Nous venons d'assister cette semaine à un véritable recul pour la cause des langues régionales, pour la cause des langues de France.
Depuis de nombreuses années, chaque alternance politique à la tête de notre pays avait été l'occasion de progrès pour la cause des langues régionales.
Ainsi, en 2008, avec d'autres parlementaires, j'avais porté l'inscription des langues régionales dans la Constitution. Ce combat de longue haleine avait commencé dès 2002 et il avait fallu 6 ans d'action et de persévérance pour aboutir à la présence de nos langues de France dans le texte constitutionnel.
En moins d'une semaine, on a assisté à un véritable recul.
- Par un courrier au Président de la Commission des lois de l'Assemblée nationale, le Président de laRépublique exprime sa volonté de ne pas inscrire la possibilité de ratifier la Charte européenne des langues régionales à l'occasion de la réforme constitutionnelle. Comble des choses, le Président de la Commission des lois n'est autre que le Finistérien Jean-Jacques URVOAS.
- La majorité présidentielle rejette, jeudi 14 mars, toutes les propositions visant à faire progresser la cause des langues régionales à l'école. Le Projet de Loi sur la « Refondation de l'Ecole » était probablement la seule occasion du mandat de faire évoluer concrètement l'enseignement des langues régionales à l'Ecole.
- Enfin, la majorité, retrouvant ses racines génétiquement jacobines, adopte l'amendement suivant : "Après accord des représentants légaux des élèves ou des élèves eux-mêmes s'ils sont majeurs, les professeurs peuvent recourir aux langues régionales chaque fois qu'ils peuvent en tirer profit pour leur enseignement de la langue française." Vous l'avez bien lu, pour une simple sensibilisation aux langues régionales, il faudra une autorisation des parents. Cette dernière évolution législative, ne permet l'évocation des langues de France que si elle valorise la langue française. Les langues régionales ne sont donc que des supplétives du Français, pouvant éventuellement en expliquer les racines, mais n'ayant pas leur vie propre et un avenir possible.

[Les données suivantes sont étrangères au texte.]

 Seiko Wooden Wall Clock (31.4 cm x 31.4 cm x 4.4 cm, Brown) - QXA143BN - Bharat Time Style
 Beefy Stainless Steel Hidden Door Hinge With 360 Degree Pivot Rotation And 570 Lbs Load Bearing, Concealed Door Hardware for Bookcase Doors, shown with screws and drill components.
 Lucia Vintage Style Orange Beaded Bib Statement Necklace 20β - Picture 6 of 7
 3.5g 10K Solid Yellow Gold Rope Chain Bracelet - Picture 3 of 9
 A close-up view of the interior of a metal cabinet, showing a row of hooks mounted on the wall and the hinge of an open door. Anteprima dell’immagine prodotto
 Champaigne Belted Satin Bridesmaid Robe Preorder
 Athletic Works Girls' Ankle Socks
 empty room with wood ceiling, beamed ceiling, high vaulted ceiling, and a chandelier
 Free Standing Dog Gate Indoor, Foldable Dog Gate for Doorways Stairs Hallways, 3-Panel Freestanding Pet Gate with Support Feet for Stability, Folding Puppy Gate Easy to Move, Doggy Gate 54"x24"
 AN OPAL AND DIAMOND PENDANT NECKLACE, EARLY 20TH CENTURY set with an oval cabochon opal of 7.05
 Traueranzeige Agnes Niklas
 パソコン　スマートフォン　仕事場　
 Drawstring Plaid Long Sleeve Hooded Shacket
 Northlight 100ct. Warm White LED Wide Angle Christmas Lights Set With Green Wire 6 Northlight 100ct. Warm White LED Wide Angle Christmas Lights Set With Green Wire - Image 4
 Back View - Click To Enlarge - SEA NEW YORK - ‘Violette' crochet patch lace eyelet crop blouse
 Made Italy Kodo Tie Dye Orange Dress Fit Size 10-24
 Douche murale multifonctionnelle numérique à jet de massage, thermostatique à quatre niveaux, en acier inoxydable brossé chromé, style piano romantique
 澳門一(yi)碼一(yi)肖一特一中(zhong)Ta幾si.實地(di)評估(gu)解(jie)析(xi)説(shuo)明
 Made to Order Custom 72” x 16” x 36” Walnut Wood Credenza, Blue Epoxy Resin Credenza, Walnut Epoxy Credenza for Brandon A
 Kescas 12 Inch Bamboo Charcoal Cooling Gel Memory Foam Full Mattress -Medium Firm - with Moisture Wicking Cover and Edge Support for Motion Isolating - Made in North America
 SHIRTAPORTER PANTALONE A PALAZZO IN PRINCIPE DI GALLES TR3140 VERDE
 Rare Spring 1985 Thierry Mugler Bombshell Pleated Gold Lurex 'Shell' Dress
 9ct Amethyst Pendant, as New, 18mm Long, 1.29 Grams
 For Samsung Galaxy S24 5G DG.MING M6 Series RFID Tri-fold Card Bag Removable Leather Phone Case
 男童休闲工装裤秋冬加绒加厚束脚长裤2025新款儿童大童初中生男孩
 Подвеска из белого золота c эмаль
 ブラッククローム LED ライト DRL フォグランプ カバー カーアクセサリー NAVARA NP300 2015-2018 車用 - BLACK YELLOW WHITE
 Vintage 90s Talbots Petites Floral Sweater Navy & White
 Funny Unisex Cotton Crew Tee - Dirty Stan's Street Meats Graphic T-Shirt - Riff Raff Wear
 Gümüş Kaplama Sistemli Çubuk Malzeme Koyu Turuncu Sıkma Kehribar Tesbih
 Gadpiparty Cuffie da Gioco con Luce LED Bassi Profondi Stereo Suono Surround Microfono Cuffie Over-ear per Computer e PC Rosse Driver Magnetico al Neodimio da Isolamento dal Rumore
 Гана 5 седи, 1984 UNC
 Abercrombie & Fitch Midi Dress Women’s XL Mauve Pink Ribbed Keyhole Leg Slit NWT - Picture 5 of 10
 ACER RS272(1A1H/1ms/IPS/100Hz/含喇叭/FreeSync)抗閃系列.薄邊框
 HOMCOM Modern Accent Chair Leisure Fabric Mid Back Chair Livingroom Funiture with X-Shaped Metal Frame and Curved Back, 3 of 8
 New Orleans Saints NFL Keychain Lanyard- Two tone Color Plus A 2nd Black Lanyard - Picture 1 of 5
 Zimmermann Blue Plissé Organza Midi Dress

Pour la cause des langues régionales, reniement et recul auront marqué cette semaine. Mais si nous avions eu un débat de fond et une opposition franche sur des arguments riches de conviction nous aurions pu saluer la franchise de nos adversaires. Au contraire, cette semaine a été marquée par de petites et lâches résignations. Un jour, c'est le Conseil d'Etat qui émet des réserves, en oubliant que le Conseil d'Etat émet de multiples réserves sur de multiples textes et que le Gouvernement peut parfaitement passer outre. Le lendemain, c'est le Conseil constitutionnel dont on nous dit qu'il pourrait être opposé, sans d'ailleurs qu'on l'ai consulté. Tout cela justifie les petites habiletés, les petites reculades, les petites combines ; tout cela au mépris des promesses de campagne et notamment de l'engagement 56 du programme du candidat Hollande. Chez les défenseurs des langues régionales, habileté, reniement et recul provoquent d'abord un sentiment de colère. Puis la colère se transforme en une motivation et en des convictions, renouvelées, renforcées et encore plus déterminés. Nous savons désormais sur qui nous pouvons compter et que désormais, les bonnes paroles et belles promesses ne suffiront plus.
Jusqu'à présent, chaque Gouvernement faisait progresser, parfois de façon limitée, la question des langues régionales. Pour la première fois, il s'agit aujourd'hui d'un recul.